A payment transaction can only be considered to be authorised if you have given your consent to execute such a transaction. The way such consent is to be given has to be agreed in the contract between you and the payment provider (such as a bank). You may withdraw such consent but only in specific and limited circumstances.
It is always for the payment provider to prove how the transaction had been processed. If you deny having authorised an executed payment transaction, the use of a payment instrument recorded by the bank is not sufficient to prove that that transaction was authorised by you or that you acted fraudulently or negligently.
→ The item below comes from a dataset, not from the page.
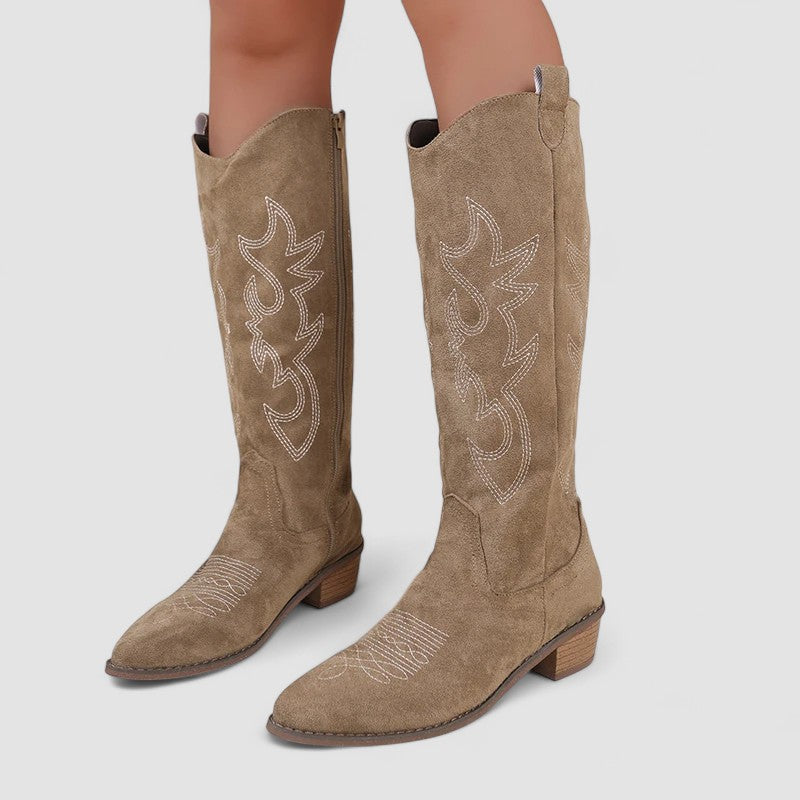 Cornelia | Timeless Western Knee Boots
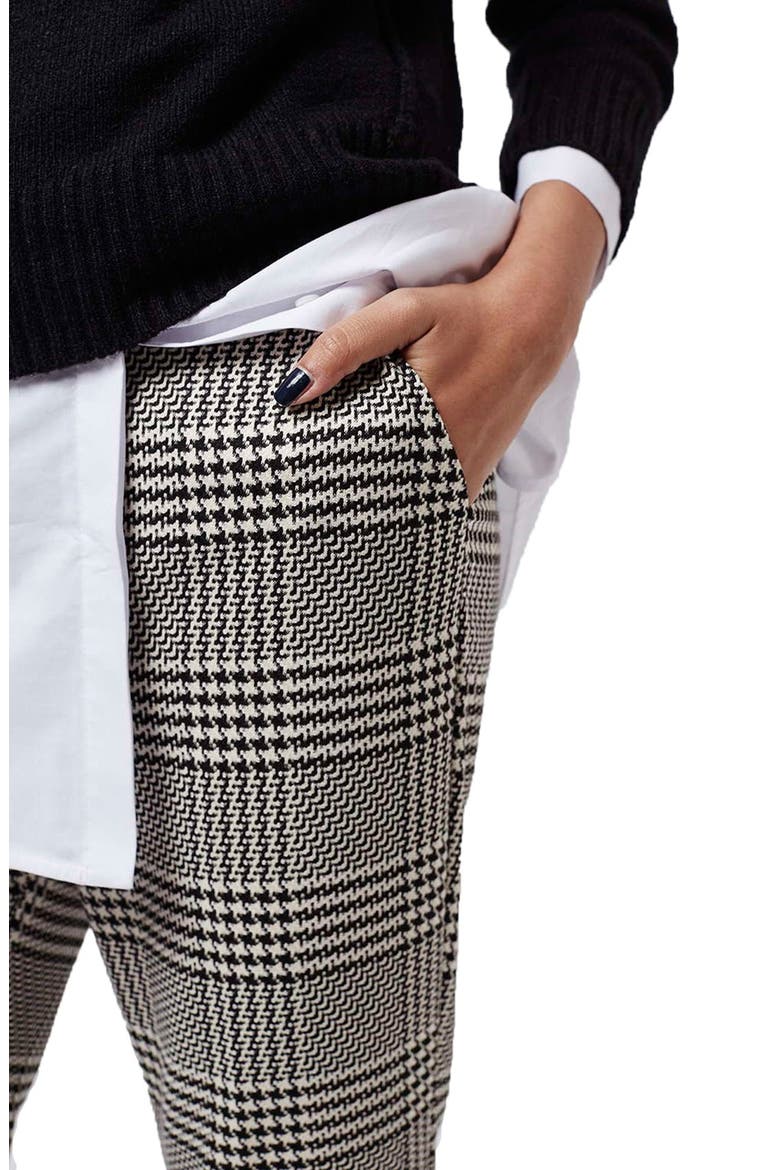 Check Print Cigarette Pants, Alternate, color, GREY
Payment Services Directive 2
According to general safeguards and corrective measures under the Payment Services Directive 2:
you have the right to obtain correction from your payment service provider if you notify it on becoming aware of any unauthorised or incorrectly executed payment transactions no later than 13 months after the debit date (i.e. the date on which the transaction appeared on your statement);
in order to safeguard your interests, the payment service provider reserves the right to block a payment instrument – typically for objectively justified reasons related to the security of the payment instrument or the suspicion of unauthorised or fraudulent use of the payment instrument;
if the payment service provider proposes changes to the conditions of the framework contract you are deemed to have accepted those changes if you do not notify the payment service provider before the proposed date of their entry into force that you do not accept the changes. In the event that you reject those changes, you have the right to terminate the framework contract free of charge and with effect at any time until the date when the changes become operative.